The Finance Ministry has done well not to pare small savings rate in these times

Post Office savings schemes are favoured by senior citizens for their higher interest rates

The Centre has done well to preserve the status quo on small savings schemes in a time of rising inflation and pressure on incomes. Interest rates on post office schemes favoured by retail savers, senior citizens and monthly income seekers have been left unchanged for the fifth consecutive quarter. While purists may argue that it is anomalous for sovereign-backed instruments to offer higher rates than bank deposits, there was limited logic for trimming these rates now. Amidst the global debate on resurgent inflation, India’s CPI and WPI prints have surprised on the upside and yields on the 5-year government security to which small savings rates are supposed to be pegged, have risen about 25 basis points to 5.75 per cent, making it imperative to protect real returns for savers.

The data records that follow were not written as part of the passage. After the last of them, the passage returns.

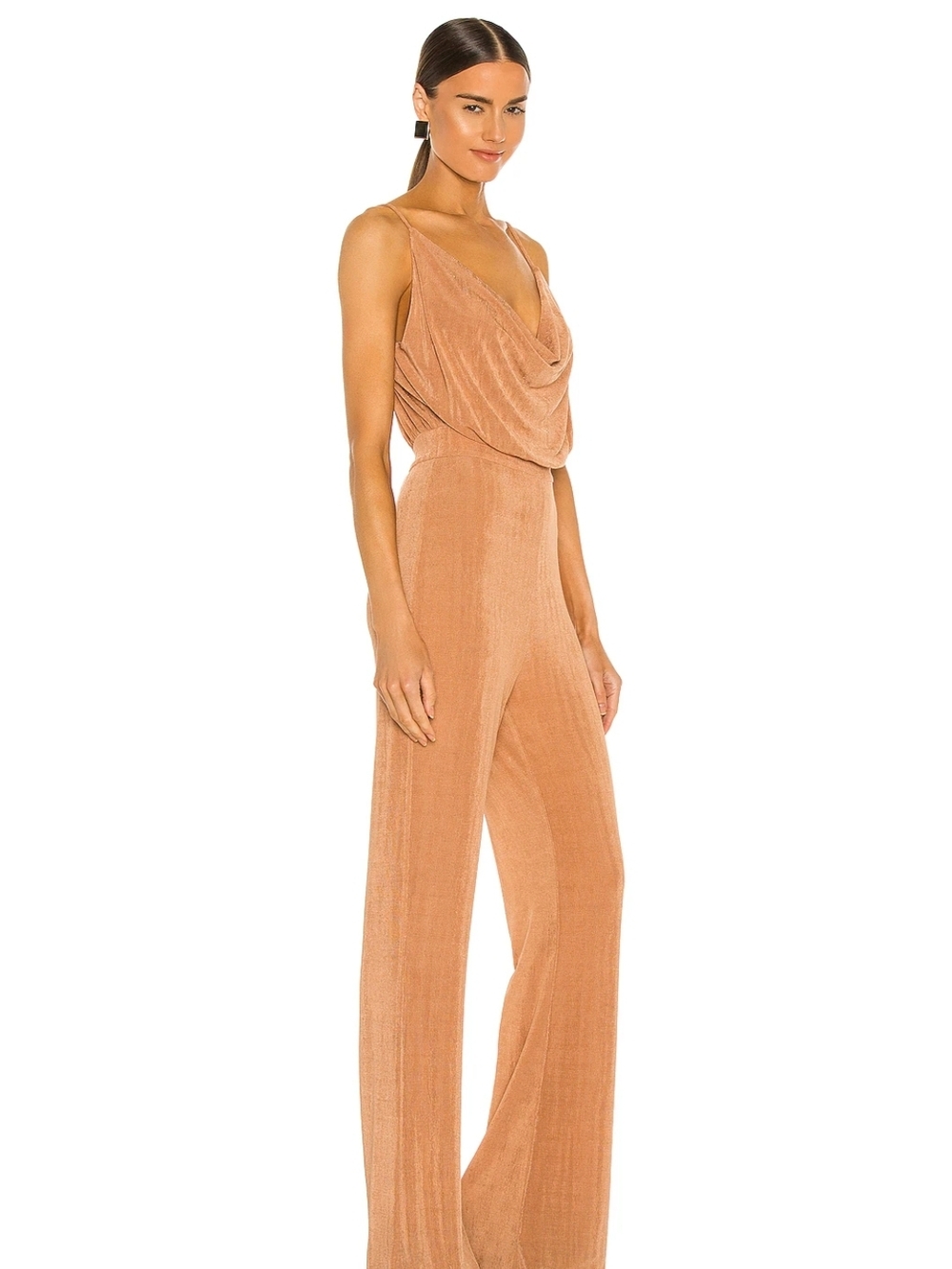 Moyra Jumpsuit in Desert Rose - Picture 7 of 13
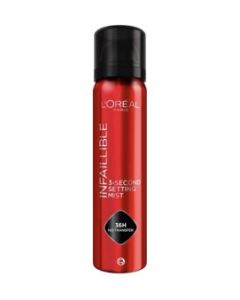 INFALLIBLE SET SPRAY 75ML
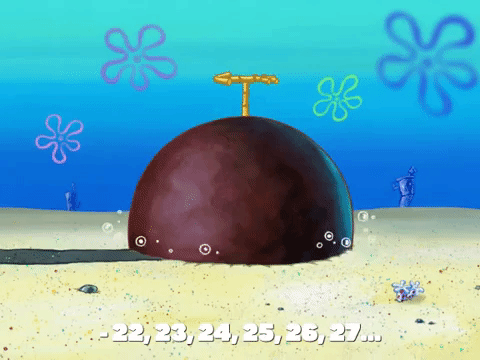 season 7 episode 21 GIF by SpongeBob SquarePants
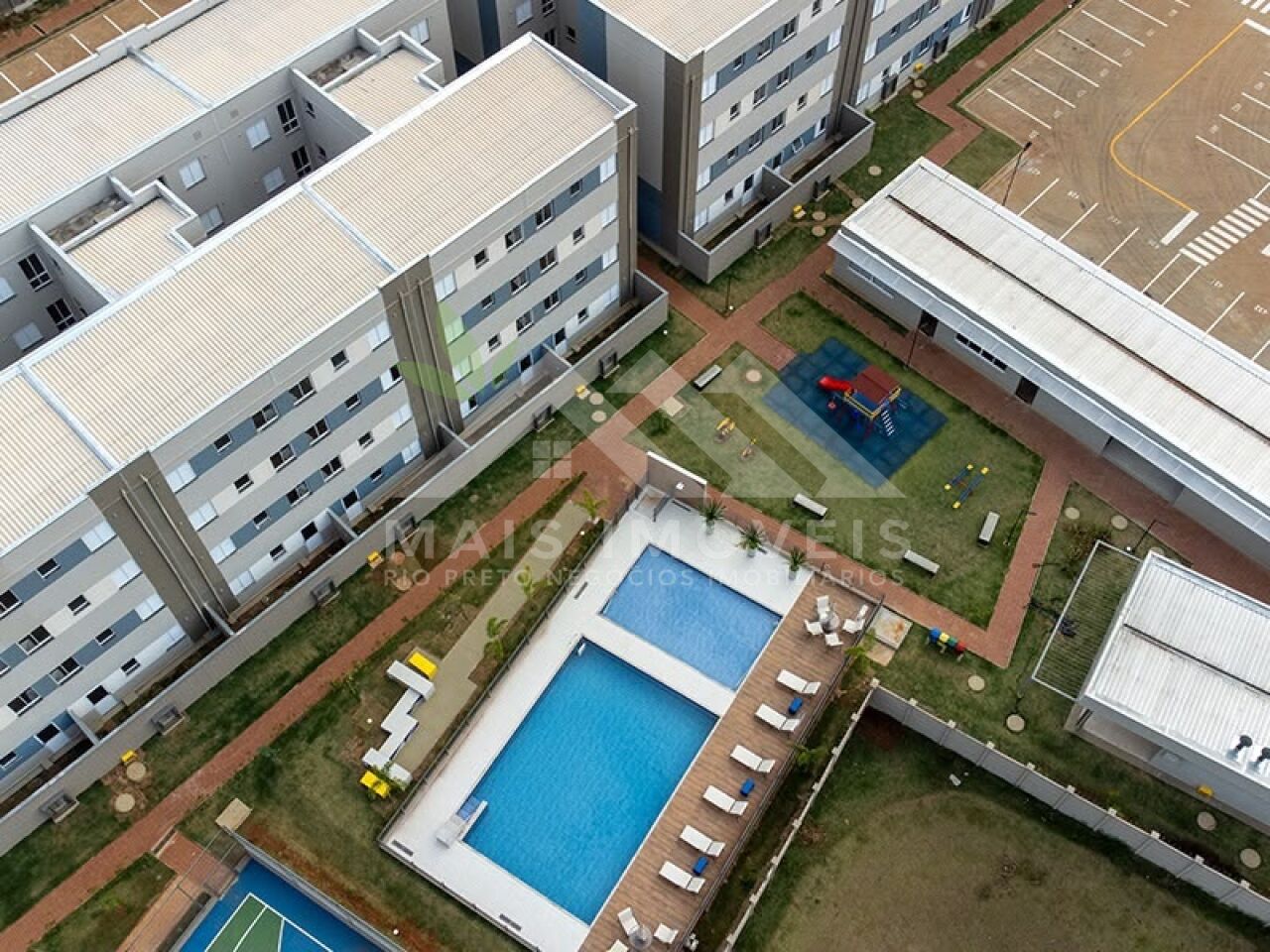 Apartamento para Venda - Fazenda Rio Preto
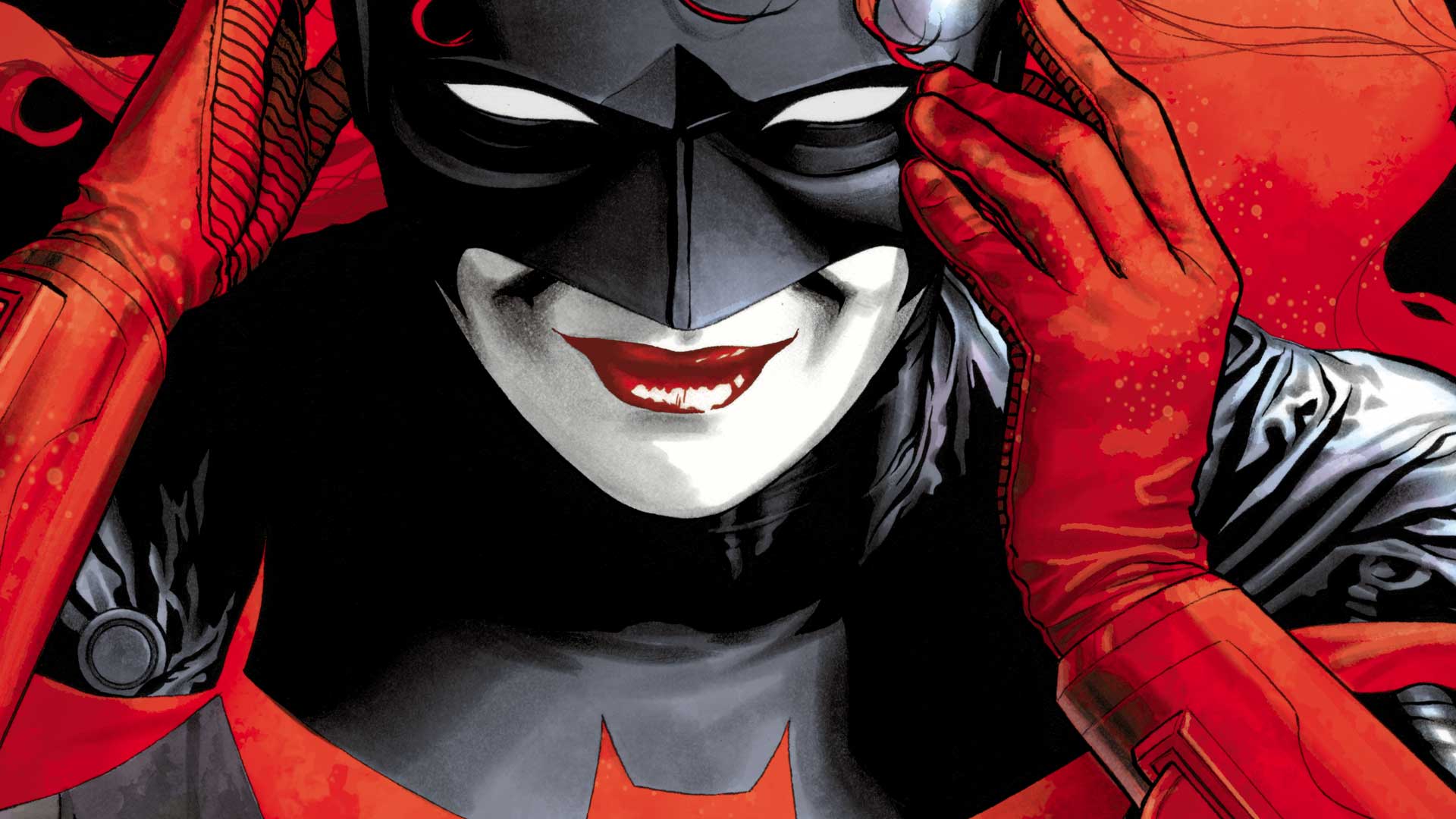 Batwoman and Gotham are Headed to the Arrowverse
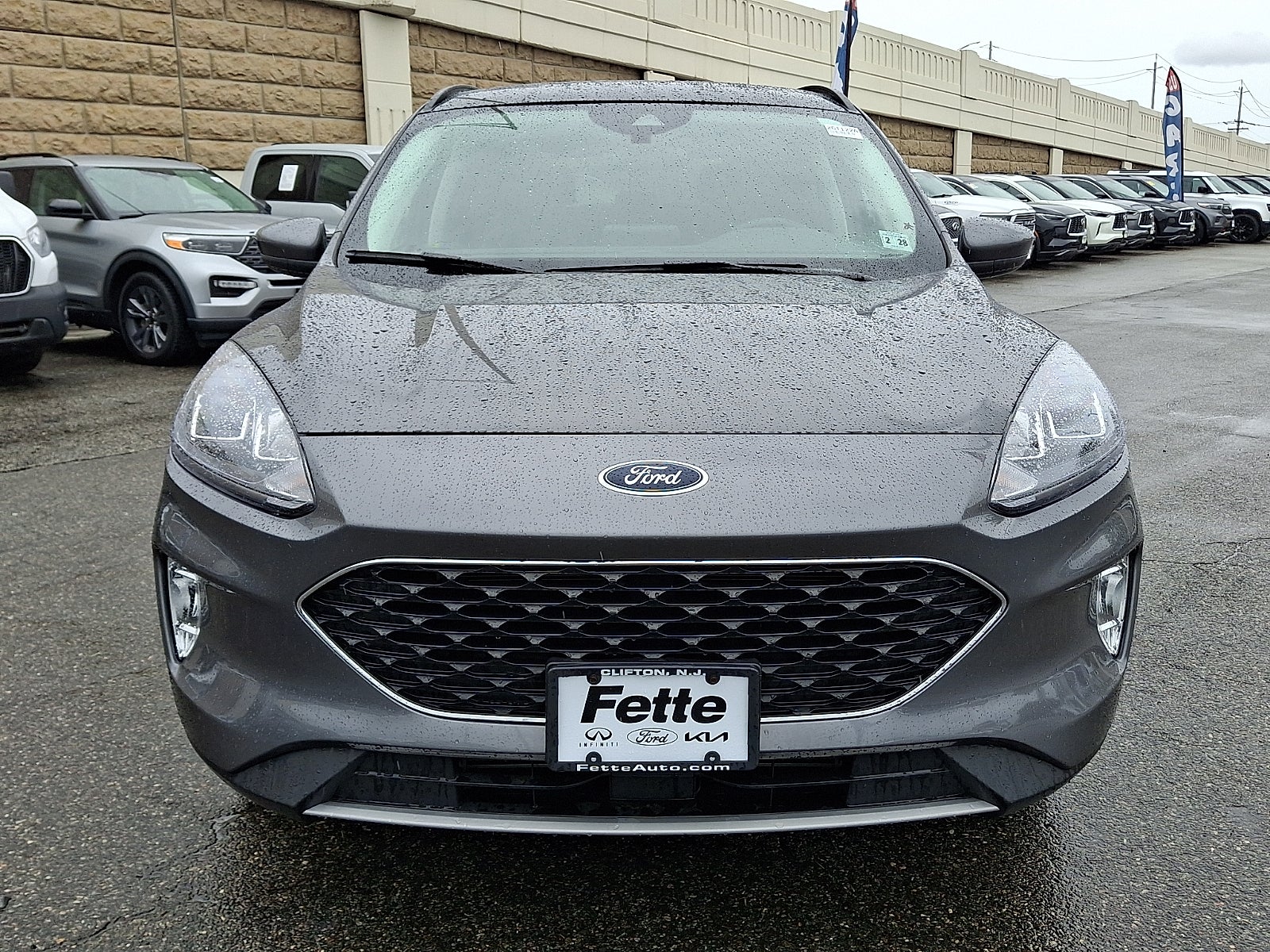 2022 Ford Escape SEL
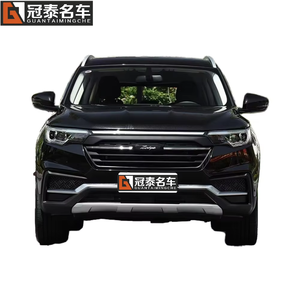 Zotye T500 2019 1.5T Essence à vendre Boîte de vitesses Traction avant Sièges en cuir Voitures SUV <span class=keywords><strong>d</strong></span>'<span class=keywords><strong>occasion</strong></span> <span class=keywords><strong>pas</strong></span> <span class=keywords><strong>cher</strong></span> - Product Image 1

Traditionally, India’s net household savings have been positive, in the process funding the negative savings of the government sector (the Centre, States and public sector) without creating any serious macroeconomic imbalance, post 1991. However, gross household savings (a trend level of about 15 per cent of GDP) constitutes about half the total savings now, while this proportion was closer to two thirds about a decade back. Given the need to boost growth and physical and social infrastructure, it is crucial that net household savings pick up from the current level of about 10 per cent of GDP. Debt-financed growth will lead to rising market interest rates and currency volatility. The RBI cannot sustain its unconventional monetary policies to keep rates in check for borrowers for all time to come; the interest rate must reflect the current account deficit or savings-investment gap.

A sustained regime of real negative interest rates via a suppressed yield curve will spur disintermediation into physical assets or in risky investments, creating an asset bubble that has been associated with over two decades of loose monetary policy worldwide. Former RBI Governor Raghuram Rajan had mooted a real interest rate of 1.5-2 per cent as the benchmark (calculated as the difference between the one-year G-sec yield and retail inflation). The present one-year G-Sec yield converges with the repo rate of 4 per cent, whereas it was about 40-50 basis points higher a few years ago. At present a real interest rate of minus 2 per cent thus calculated, which has been around for a year, does not augur well for savers. While in the short term, they may continue to save more to offset the low returns, or consume more, net savings in the medium term will suffer. Monetary Policy Committee member Mridul Saggar has observed that “not all savers may necessarily be worse off when central banks push down the interest rates”, which is perhaps true only in the short run. Without being persuaded by bond vigilantes who overreact to accommodative policies, it is important to recognise that interest rates must take savers’ interests into account.